Ivan Sen’s spare tale of despair and redemption blends the western genre with a noir idiom, resulting in a morality tale that is less concerned with the truth than with the wellspring of evil that led to the crime. The mystery of what happened to the girl is tinged with a delicate mysticism that starts with the metaphor of the town’s name and expands with the angel wings tattooed on Travis’ back (fallen angel?), and the Aboriginal beliefs that persist but without comfort to the people wrenched from their own culture by their European colonizers.

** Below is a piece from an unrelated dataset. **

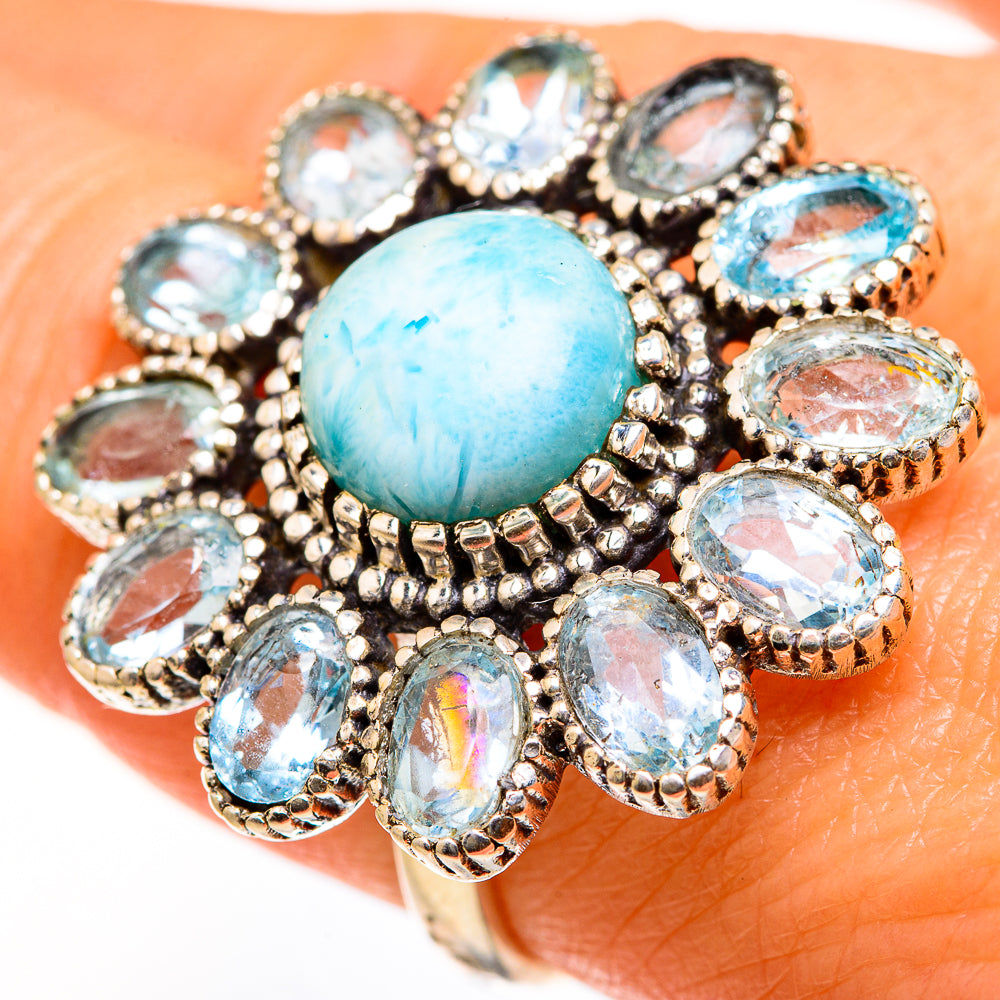 Larimar Rings handcrafted by Ana Silver Co - RING127575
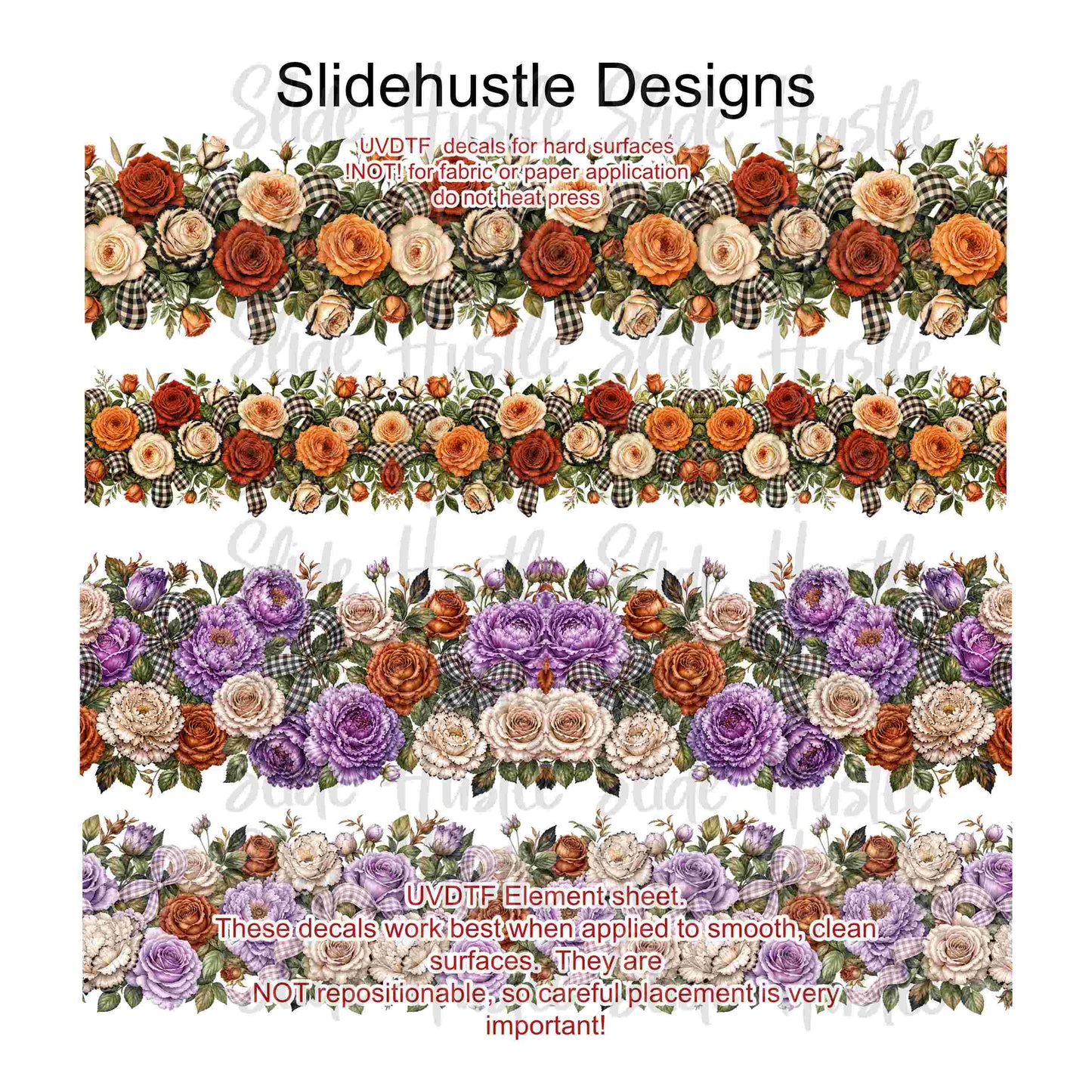 UVDTF Element Sheet, Fall floral borders, 11"x11", VF904 ES10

Western beliefs enter into it, too, though they fail to comfort Travis as he listens to recorded sermons as he drives into town, or the recorded loop droning in the local church explaining the ecclesiastical meaning of limbo as a way station between Heaven and Hell while parsing their colors.
No such colors intrude in the carefully composed tableaus, shot in wide-angle and deep focus to emphasize the vast indifference of the landscape, and the tomb-like nature of the re-purposed opal mines exploited by the Europeans and now serving as the Limbo Motel where Travis is staying, and that ci-mentioned church. It is a series of still lives in black-and-white depicting people in stasis, too mired by the past to hope for a future.
Yet the film is vibrant with the sweetened sounds that echo the emptiness of the terrain, where files buzz and the wind blows. It’s also vibrant with performances that are understated but powerful. The way the missing girl’s sister, Emma (Natasha Wanganeen) asks Travis if his coffee is white enough after setting it down on the table when he comes looking for her at the café where she works is a damning précis on colonialism summed up in a few indelible seconds of screen time. As are the hundreds of holes left by the mining operation that abandoned the people who lived there, leaving them to glean the mineral refuse left behind when the the mines stopped producing enough for the bottom line.
Stories of beatings the hands of the police become all the more shocking when told by the victims with no visible affect, mirroring Travis’ numbness when he arrives, a numbness that begins to dissipate as he delves into the disappearance and becomes caught up in the lives lost and the lives played out with a stoic resignation.
Baker, who co-produced, makes Travis a haunting anti-hero who has gone beyond mere cynicism into the realm of the walking dead. He moves slowly and deliberately, questioning witnesses with impersonal courtesy, rubbing the back of his buzz-cut head as a tell on those rare occasions that is he is flummoxed, or shooting up when he first arrives at his motel where no other creature stirs. The way he melts onto the bed as the drug takes effect bespeaks respite from his own vast emptiness. As his pilgrim’s progress evolves, there are the most subtle of changes in body language, in the set of the eyes. It registers with us, aided by Sen’s measured close-ups that capture the inner processes of re-awakened possibilities chipping away layers of subsumed emotions that Travis had consigned to oblivion rather than experience the anguish they bring. This is an arresting performance, that, like the film itself, is sculpted from what is not said and what is not done, revealing the essence of the story with inference and innuendo.
LIMBO is a mystery that uses the history of Australia as its framework and the human soul as its scope. In it, we are confronted with past sins that cannot be undone, pain that can’t be removed, and are left to consider how best to move forward with grace and humanity.